Murmullos, un grito ahogado, un cuadro que se descuelga de la sorpresa (vamos, lo normal).

-¿Yo? ¡Pero si yo estuve con Sarita toda la noche!

-¿La uruguaya? -pregunta su mujer.

-Argentina, cariño -corrige Rubio-. Estuve con ella toda la noche. Se lo juro, inspector.

-Y le creo -afirma Robles- porque dice la verdad… aunque mienta. Estuvo con ella casi toda la noche.

Rubio cruza sus brazos (con elegancia, eso sí).

-¿Y eso cómo puede ser? -pregunta.

-Porque durante el interrogatorio descubrí en usted ciertas características que me llevan a pensar que está… ¿cómo le diría?… bueno, tal vez Blanca pueda ayudarnos.

-Dígame -responde, solícita, la mujer de la limpieza.

-Mmm… a ver… ocho letras: dicho con silbidos.

-¡Chiflado! -exclama Blanca.

El señor Rubio mira a la mujer con indignación y parece que se va a lanzar a por ella, pero Robles le detiene alzando la mano.

-Gracias, ésa es la idea. Señor Rubio, cuando yo le pregunté si la señora Diorr tenía algún enemigo, ¿recuerda que no lo recordaba?

-Se reitera, inspector. Pero sí, recuerdo que no lo recordé.
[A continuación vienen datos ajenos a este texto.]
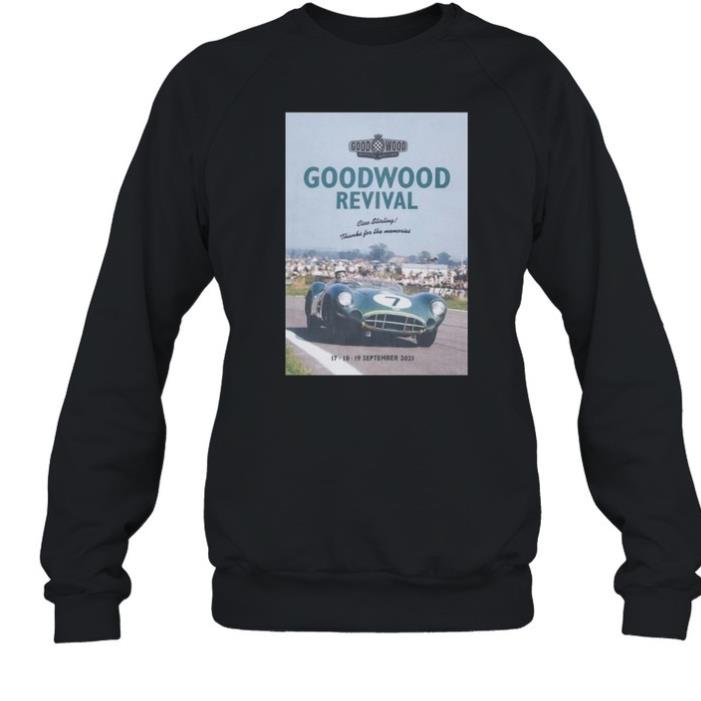 Goodwood Revival shirt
-Eso es porque usted padece episodios de amnesia. Por eso cree que ayer estuvo toda la noche con su amante chilena…

-Argentina.

-Bueno, eso. Pero no lo estuvo. Mire sus manos.

Rubio las acerca a su cara y observa las palmas y el dorso con atención.

-¿Qué tienen? -pregunta.

-Nada, pero su zapato izquierdo presenta minúsculas salpicaduras de oro.
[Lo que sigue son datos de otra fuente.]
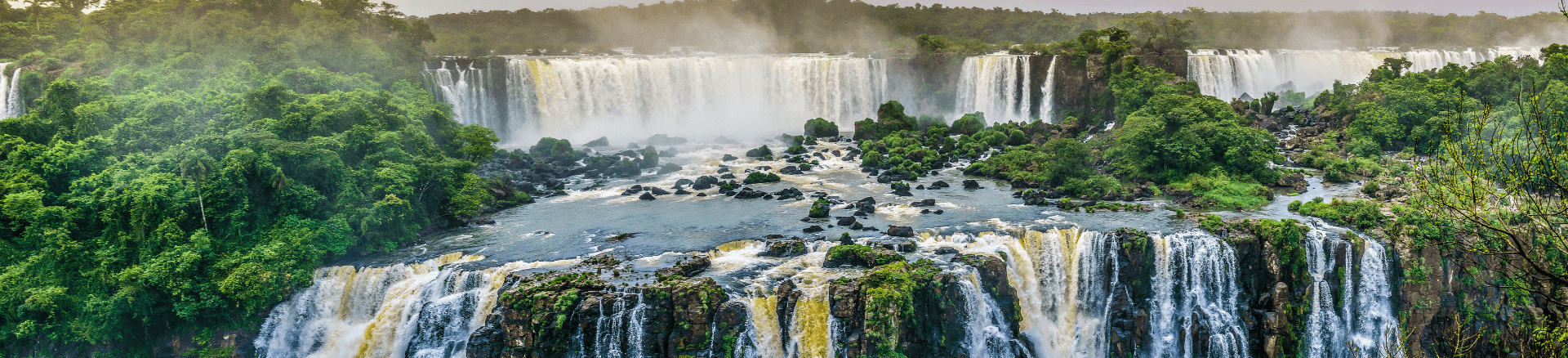 מדריך לטיול תרמילאים בברזיל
-¿Cómo lo sabe si son minúsculas?

-Tengo buen ojo.

-¿Y el otro? ¿No ve bien por él?

-Sí. Y esto me lleva a por qué usted mató a la señora Diorr.

-¡No hay ningún por qué! –exclama Rubio, casi al borde del llanto (pero con un gimoteo refinado)- ¡Yo no tenía ningún motivo para matar a Cristina! ¡Nuestra relación era magnífica y nos íbamos a asociar para hacer mucho dinero!

-Sin duda así hubiera sido -afirma Robles-, pero la mató.

-¿Pero por qué? ¿Por qué? -se lamenta Rubio, mientras Amapola y Celestino se dan la mano subrepticiamente (por la tensión, otro motivo o tal vez sólo para que el escritor pueda usar esta palabra tan larga).

-Usted padece neurosis literalis, una rara enfermedad mental que acabo de descubrir hace diez minutos y sobre la que ya tengo pensado escribir varios libros de gran éxito. La enfermedad hace que usted, señor Rubio, no entienda el doble sentido -explica Robles.

-¡Pero si yo siempre he conducido estupendamente! ¡Ni un solo accidente en treinta años de carné!

-Quiero decir que usted todo lo entiende de forma literal.

Rubio se queda perplejo.

-¿Y… y eso qué tiene que ver con la muerte de Cristina?

-Pues que, en uno de sus episodios de amnesia, vino a verla ayer por la noche, y comenzaron a hablar de negocios. La señora Diorr le dijo que necesitaba ingresar 150.000 euros en efectivo para vender sus zapatos en China. Y le aseguró que podía estar tranquilo, que todo lo que tocaba se convertía en oro. Usted, claro, lo interpretó de forma literal. ¿Lo entiende ahora? ¿Lo recuerda?

Rubio palidece y grita de horror (ahora ya de forma nada elegante).

Su mujer contaría después que estaba descolorido, desvaído, disuelto, como desdibujado.